▸ **WORK REQUIRED**
In the records below, repeat word for word only the lines starting at the one that contains "Celestial Tree Nightscape tapety" and ending at the one that contains "Pre-owned Andres Otalora", pictures excluded.

▸ **THE DATA**
━━━
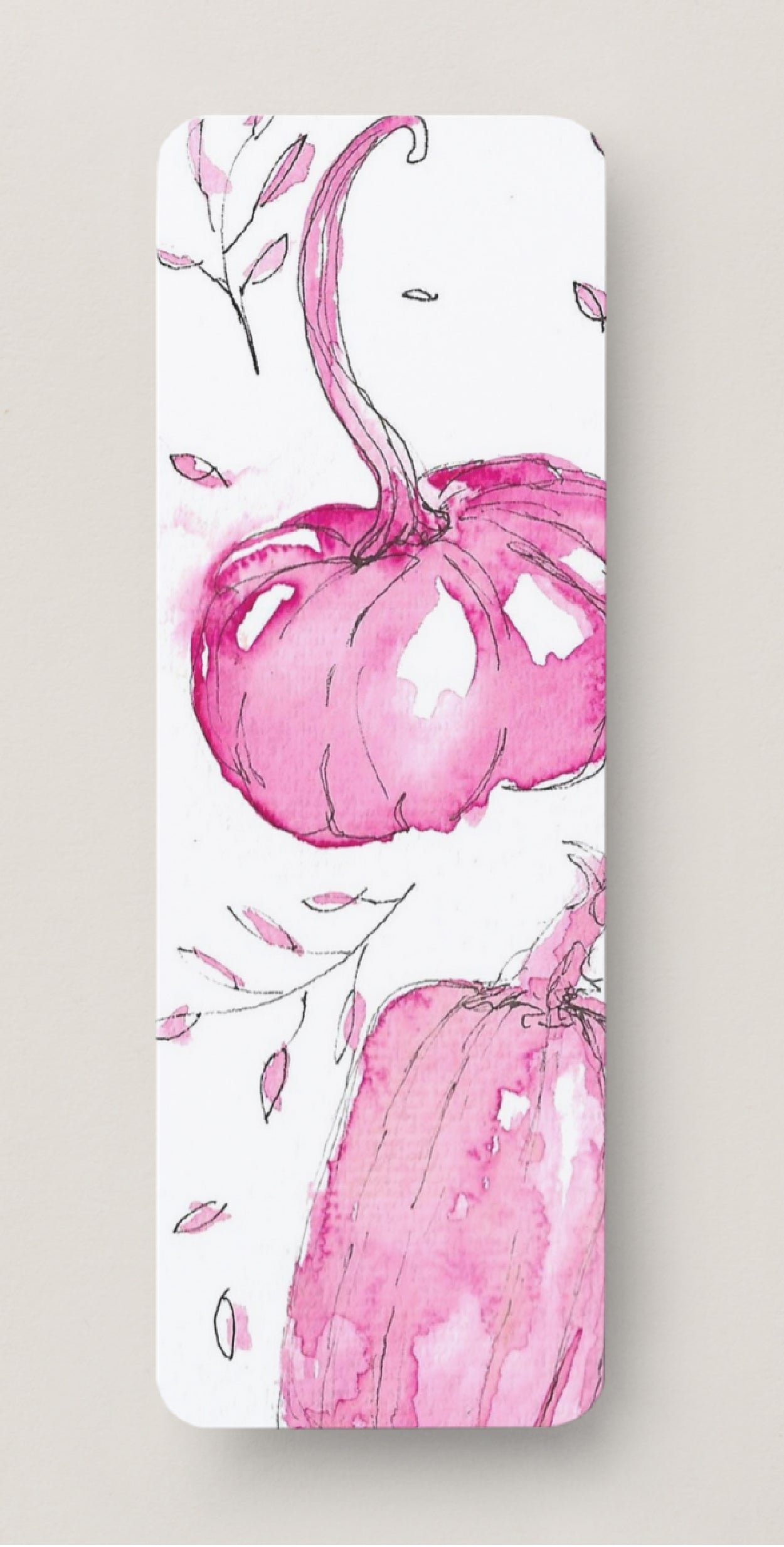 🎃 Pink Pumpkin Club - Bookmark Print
━━━
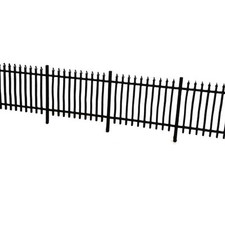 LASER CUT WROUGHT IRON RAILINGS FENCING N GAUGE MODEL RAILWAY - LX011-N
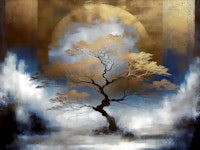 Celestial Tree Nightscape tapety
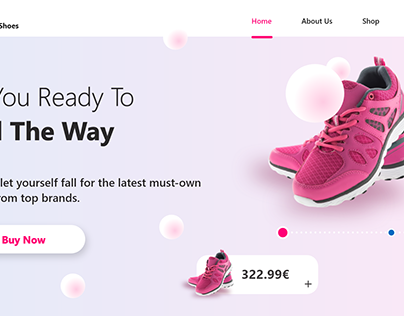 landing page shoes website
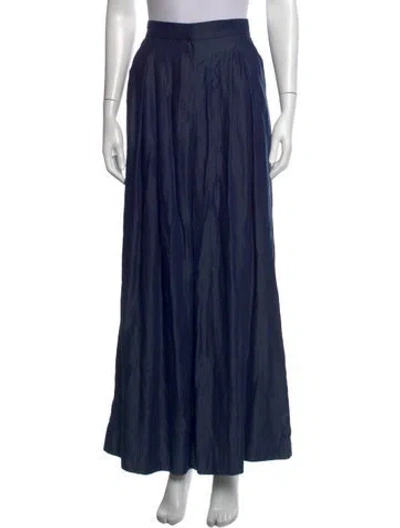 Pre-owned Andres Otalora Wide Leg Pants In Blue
━━━
▸ **TASK OUTPUT**
 Celestial Tree Nightscape tapety
 landing page shoes website
 Pre-owned Andres Otalora Wide Leg Pants In Blue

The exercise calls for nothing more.